Today is the most beautiful day of the year in Barcelona.

It’s Sant Jordi (Saint George), the Day of the Book and the Rose. It may be World Book Day as well, partly named that by UNESCO due to Sant Jordi traditions in Barcelona, but no place celebrates books the way Barcelona does. Which, as someone who built forts on my bunk bed as a kid so I could hide from my parents that I was reading past bedtime, is a marvelous thing.

All of Passeig de Gracia (think a mile-long stretch of Fifth Avenue in NYC) is shut down for the day for bookstands, and bookstands also fill much of Las Ramblas with numerous other posts around the city. Sant Jordi is the most celebrated cultural day in Catalonia. The tradition is to give a book and a rose to a loved one, usually a romantic love interest. It is held on April 23rd because that is the day St. George (Jordi in Catalan) was martyred by Roman emperor Diocletian for refusing to persecute Christians. Over time, legends arose that Sant Jordi had defeated a dragon that threatened a princess, and a rosebush grew where the dragon was killed. Sant Jordi has been the patron saint of Barcelona since 1456. That same century, Barcelona was holding a Sant Jordi rose fair. Nearly a century ago, in 1927, to promote book sales, they launched a book fair, and its popularity led the region to move it to April 23rd for Sant Jordi, and also because both Cervantes and Shakespeare died on that day.
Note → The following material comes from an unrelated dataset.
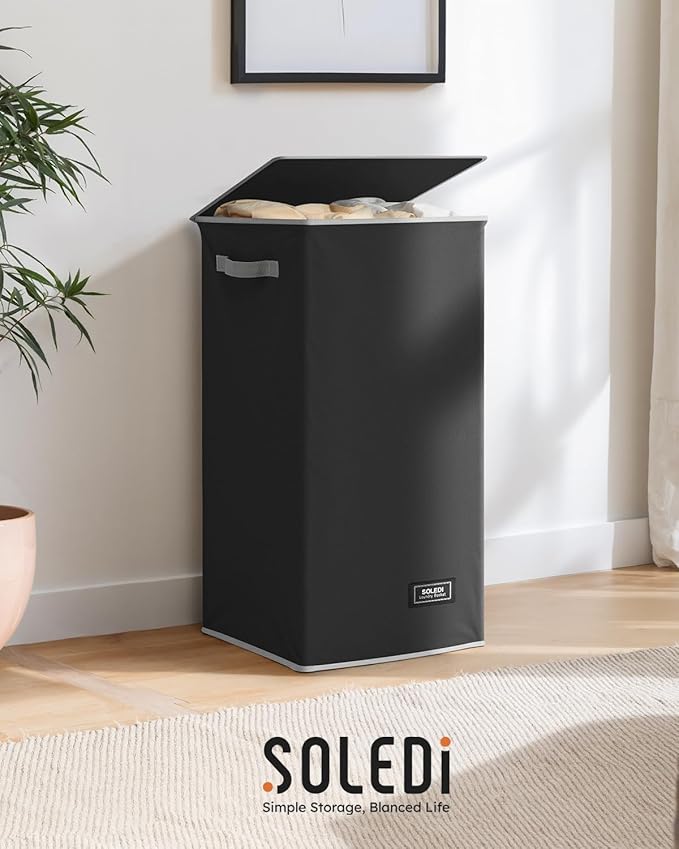 SOLEDI Laundry Hamper Black with Lid and Removable Bag - 100L Large and Tall Laundry Basket Collapsible with Handle for Cloth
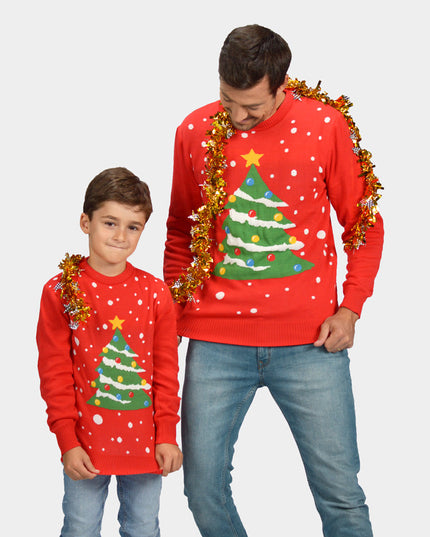 Pull de Noël rouge familial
A stuffed dragon for my 4-year-old niece in front of Casa Batlló on Sant Jordi
Spain in general has great love for books, with la Feria del Libro in Madrid quite famous and other book fairs in Valencia, Sevilla, Córdoba and all over the country. Still, for me, the celebration of Sant Jordi is something apart.
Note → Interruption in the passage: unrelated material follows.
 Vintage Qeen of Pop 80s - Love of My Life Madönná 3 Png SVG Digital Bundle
At stands representing different bookstores, publishers or collectives, people line up as if to meet a rock star in order to get a book signed by a favorite author. In 2024, nearly two million books were sold on Sant Jordi, more than the population of the city of Barcelona.
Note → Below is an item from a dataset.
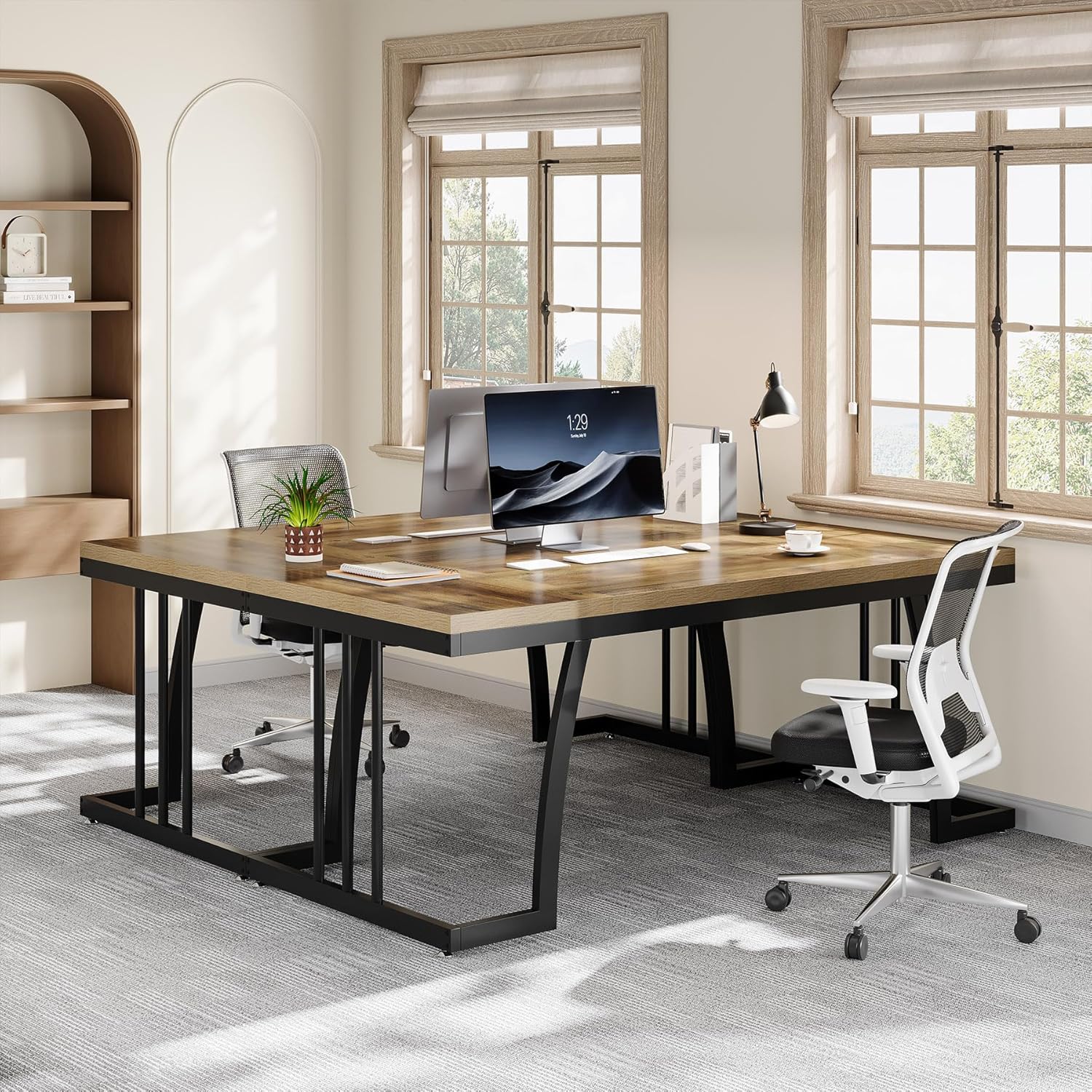 63" Executive Desk, Large Computer Desk with Thick Wooden Desktop Tribesigns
Something that also strikes me as an American living in Barcelona while my home country careens through competitive authoritarianism on towards a full-on dictatorship – so many books featured reflect on la Guerra Civil (the Spanish Civil War), which ended with fascism in Spain for four decades; World War II and other historic or contemporary writings on democracy, fascism, communism and battles among different sorts of government. Within Spain, perhaps only Basque Country suffered as much as Catalonia under Franco’s dictatorship. Catalans know from dictatorship and democracy, so books on these subjects and by authors such as Angela Davis, Noam Chomsky or the post-WWII Milton Mayer book on Germans in the Nazi period “They Thought They Were Free” surface again and again.

Reading and knowing history won’t solve world problems. But failing to know history is a good way to repeat it, and not the parts one would want to repeat.
Barcelona in 2025 is a beacon of knowledge, democracy, innovation, scientific advancement and freedom. It’s that every day, but especially on Sant Jordi.

The most beautiful day of the year.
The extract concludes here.